EXERCISE: Go through the listing below and retype exactly the lines starting at the one with "DRZWI PRAWY TYŁ" and ending at the one with "Building Photo - 998 Grandstone Ct", skipping pictures.

EXERCISE DATA:
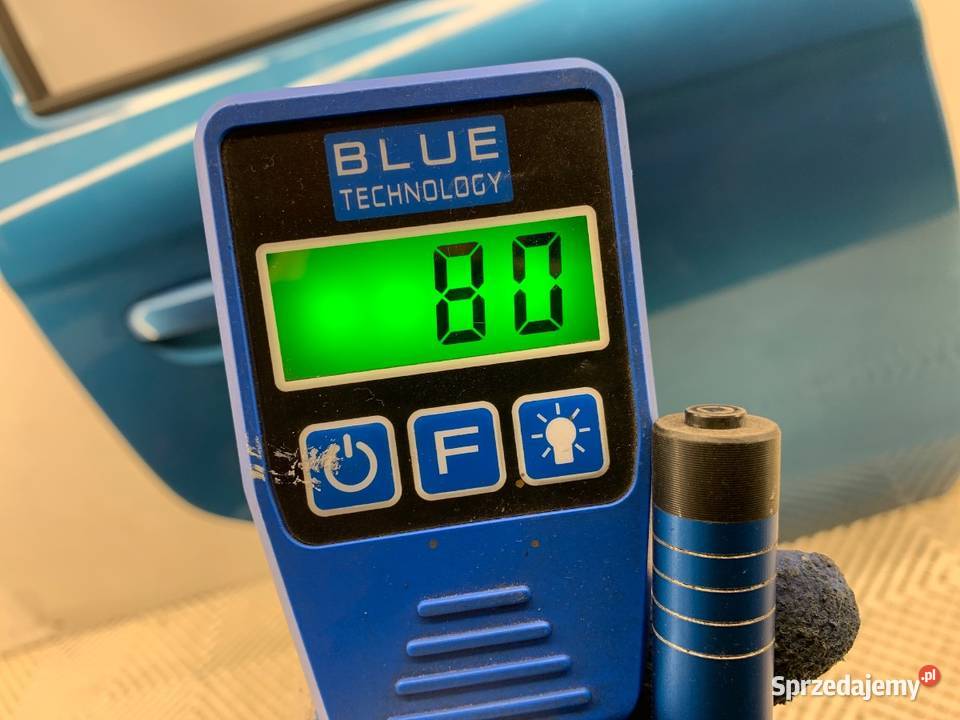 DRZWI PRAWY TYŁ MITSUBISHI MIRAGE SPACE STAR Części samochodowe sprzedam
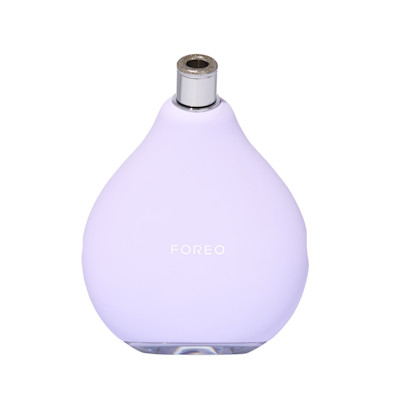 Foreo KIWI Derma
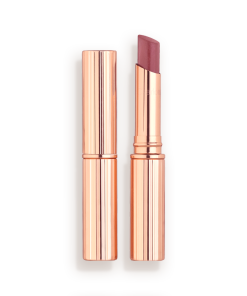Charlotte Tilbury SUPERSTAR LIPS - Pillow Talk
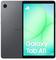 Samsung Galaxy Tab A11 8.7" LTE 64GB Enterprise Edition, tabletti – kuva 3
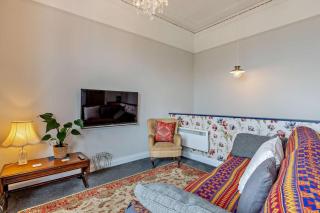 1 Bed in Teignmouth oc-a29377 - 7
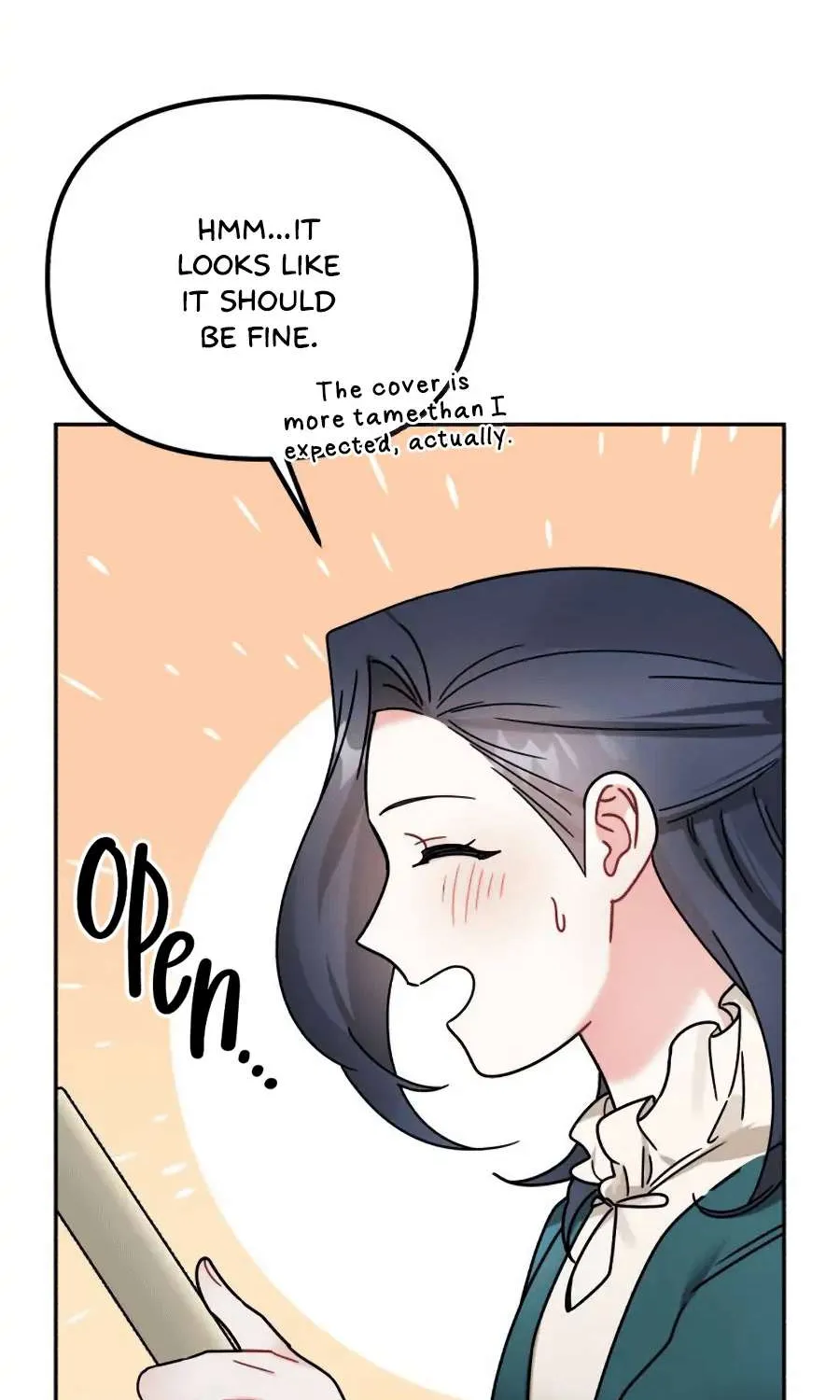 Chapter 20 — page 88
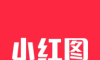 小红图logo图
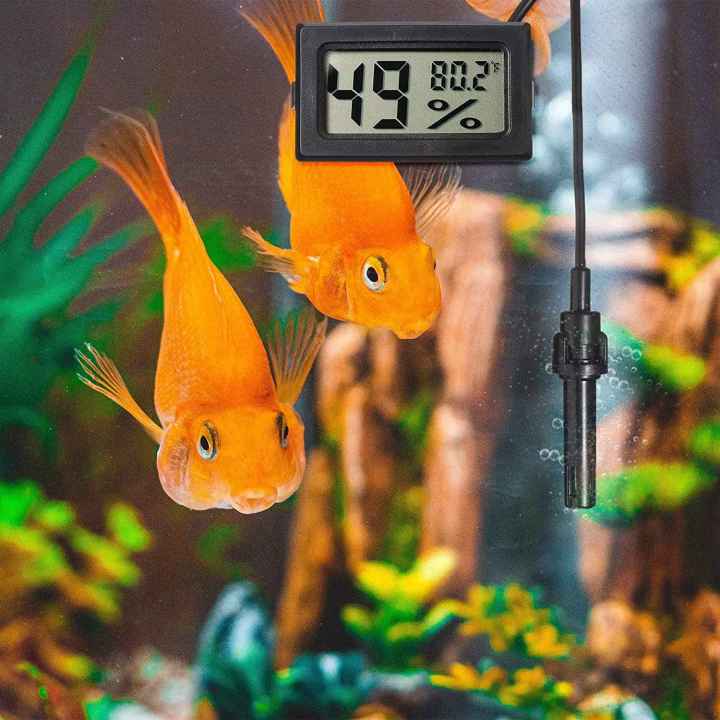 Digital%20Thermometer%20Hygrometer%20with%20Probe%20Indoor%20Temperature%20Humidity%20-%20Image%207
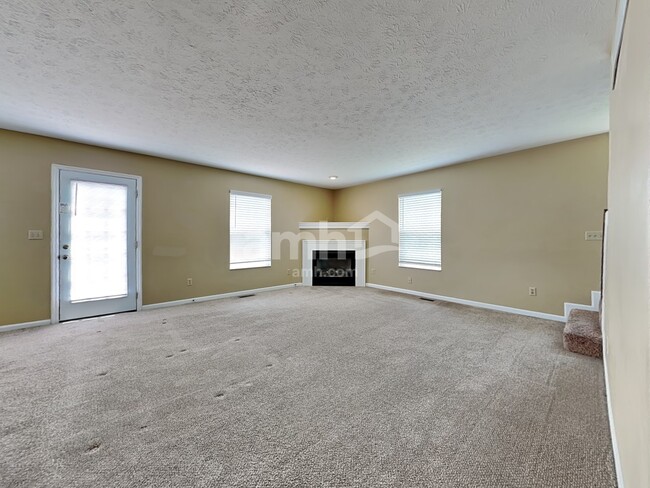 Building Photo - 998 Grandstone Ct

...

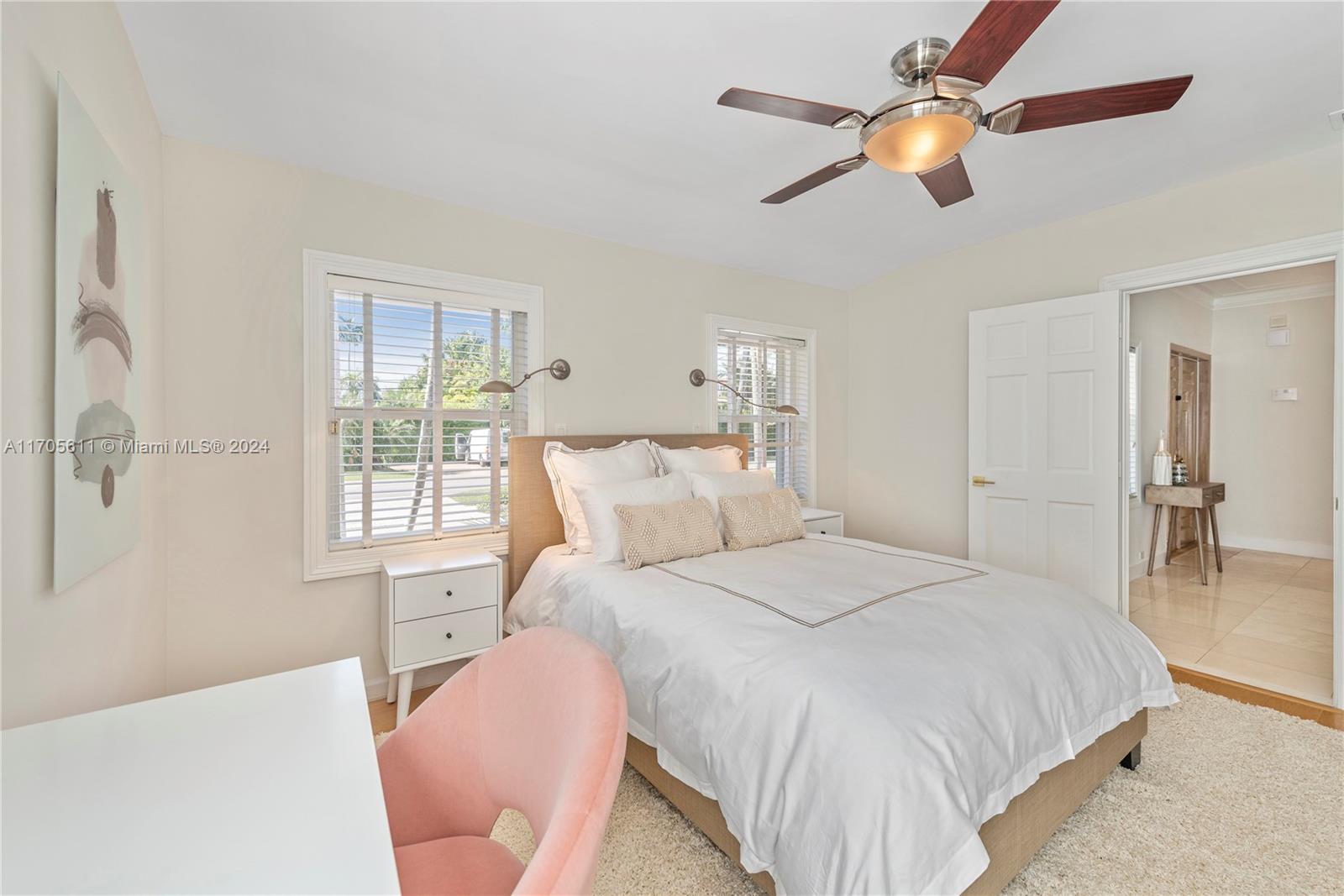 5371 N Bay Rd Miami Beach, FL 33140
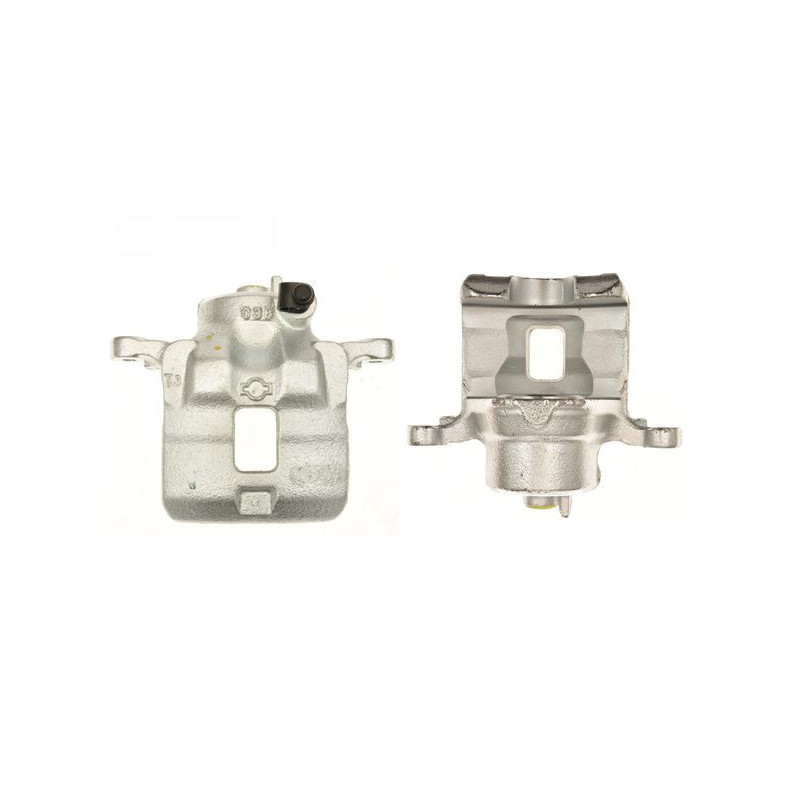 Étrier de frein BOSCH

EXERCISE RESULT:
 DRZWI PRAWY TYŁ MITSUBISHI MIRAGE SPACE STAR Części samochodowe sprzedam
 Foreo KIWI Derma
Charlotte Tilbury SUPERSTAR LIPS - Pillow Talk
 Samsung Galaxy Tab A11 8.7" LTE 64GB Enterprise Edition, tabletti – kuva 3
 1 Bed in Teignmouth oc-a29377 - 7
 Chapter 20 — page 88
 小红图logo图
 Digital%20Thermometer%20Hygrometer%20with%20Probe%20Indoor%20Temperature%20Humidity%20-%20Image%207
 Building Photo - 998 Grandstone Ct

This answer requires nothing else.